So gewann al-Ghazālī eine gewisse Verachtung für seinen Berufsstand. Und dessen unzureichendes Denken weckte den Verdacht, dass die Vernunft, zumindest wie sie von ihm verstanden und praktiziert wurde, rasch an ihre Grenzen stieß und bei weitem nicht das zu leisten vermochte, was ihr zugeschrieben wurde.
Diese Erfahrung ließ al-Ghazālī nicht nur neue geistige Wege beschreiten, wie seine intensive Beschäftigung mit dem Sufismus bezeugt, sondern auch seine berufliche Karriere beenden und Bagdad verlassen. Er begab sich für etliche Jahre auf spirituelle Wanderschaft und bereiste viele Orte wie Damaskus, al-Quds (Jerusalem), Mekka und Medina. Nach mehr als zehn Jahren entschied er sich 1106, nach Nischapur zurückzukehren. Und hier schrieb er Faysal at-tafriqa, vermutlich in der Zeit bis spätestens 1109. Nur wenige Jahre später verstarb er 1111.
In den zehn Jahren seiner Wanderschaft verfasste al-Ghazālī sein wohl bekanntestes Werk Ihyāʾ ʿulūm ad-dīn (Belebung der Wissenschaften der Religion). In diesem vielbändigen und vielschichtigen Werk werden so ziemlich alle Themen behandelt, die für muslimisches Leben von Bedeutung sind.

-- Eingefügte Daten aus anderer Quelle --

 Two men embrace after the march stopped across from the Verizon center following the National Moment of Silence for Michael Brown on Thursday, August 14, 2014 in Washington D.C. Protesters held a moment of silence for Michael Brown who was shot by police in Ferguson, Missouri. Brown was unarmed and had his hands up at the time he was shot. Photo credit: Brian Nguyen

Neben vielen Absichten, die al-Ghazālī damit verfolgt haben mag, kommt darin gewiss auch sein Wunsch zum Ausdruck, mit seinem Wissen zu einer Verbesserung nicht nur seines Lebens, sondern des Lebens der muslimischen Gemeinschaft insgesamt beizutragen. Das bloße Aufhäufen von Wissen als Selbstzweck, von dem die Wissenschaften nur allzu oft bestimmt sind, war ihm seit seiner Krise ein Greuel geworden. Dieses Anliegen dürfte einen prägenden Einfluss auf alles ausgeübt haben, was al-Ghazālī nach dem Verlassen Bagdads getan hat. Und auch das Schreiben des Faysal muss in diesem Lichte gesehen werden.

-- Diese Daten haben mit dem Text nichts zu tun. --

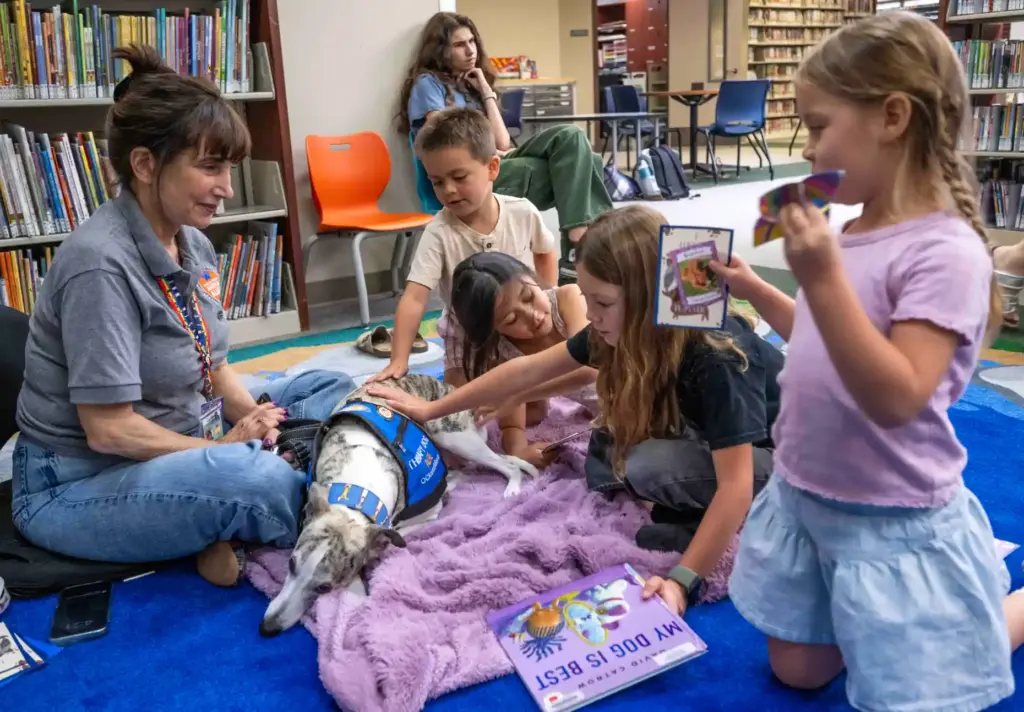 Kids read childrenâs books and give love to Alfie, a...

Im Ihyāʾ brachte al-Ghazālī bereits eine ausführliche Kritik der Kultur der ʿulamāʾ vor, deren Reihen er selbst entstammte und die er daher aus eigener Erfahrung sehr gut kannte. Diese Erfahrung hatte zur Desillusionierung und schließlich zum Bruch geführt. al-Ghazālī bezeichnete sie als ʿulamāʾ ad-dunyā (Gelehrte der diesseitigen Welt). Er warf ihnen vor, ihr Wissen bloß in den Dienst weltlicher, oftmals auch politischer Interessen zu stellen. Da es ihnen nur um Macht, Reichtum und Ansehen ging, vernachlässigten sie ihre eigentliche Aufgabe sträflich, Gottesbewusstsein und Verantwortungsbewusstsein (taqwā) im Blick auf das Jenseits zu befördern.

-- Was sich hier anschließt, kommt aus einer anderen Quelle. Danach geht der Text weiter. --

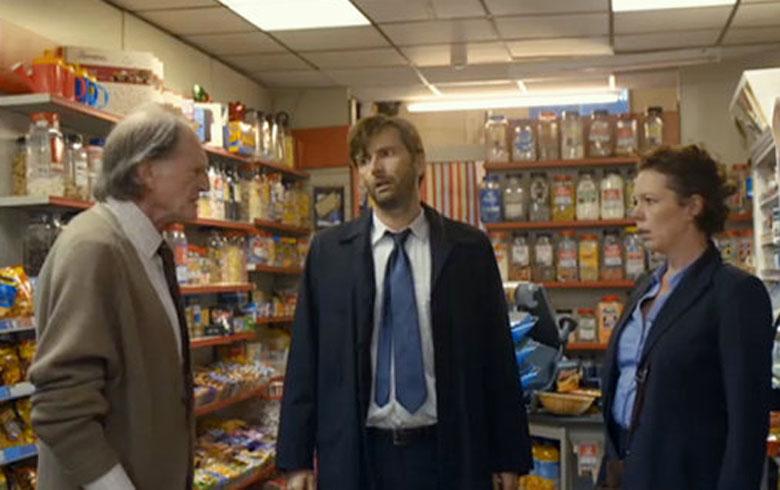 Actors David Bradley, David Tennant and Olivia Coleman standing inside a corner shop talking to each other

Der Wissenschaftsbetrieb insgesamt war allmählich von dieser Mentalität erfasst und durchsetzt worden. Wer darin bestehen wollte, musste sich auf den unvermeidlichen Konkurrenzkampf einlassen. So kam es dazu, dass die Gelehrten ihr Bestreben hauptsächlich darin sahen, ihre Gegner zu besiegen und zum Schweigen zu bringen, um damit ihre eigene Überlegenheit und Vorrangstellung zu erringen und zu bewahren.
In diesem Konkurrenzkampf kam auch ein Mittel zum Einsatz, dessen Kritik sich al-Ghazālī im Faysal ganz besonders widmen sollte: takfīr, der Bezichtigung des kufr, des Ausschlusses aus dem Islam. Die Häufigkeit und Leichtfertigkeit, mit der dieser Vorwurf erhoben wurde, erschien al-Ghazālī als große Gefahr sowohl für den Einzelnen wie auch für die muslimische Gesellschaft, die dadurch in endlose und mitunter gewalttätige Konflikte verstrickt und zerrissen zu werden drohte. Dem entgegenzuwirken, sah al-Ghazālī als seine Aufgabe und Verantwortung als Gelehrter an, der die vom Islam an ihn gerichteten Ansprüche wirklich ernstzunehmen beabsichtigte.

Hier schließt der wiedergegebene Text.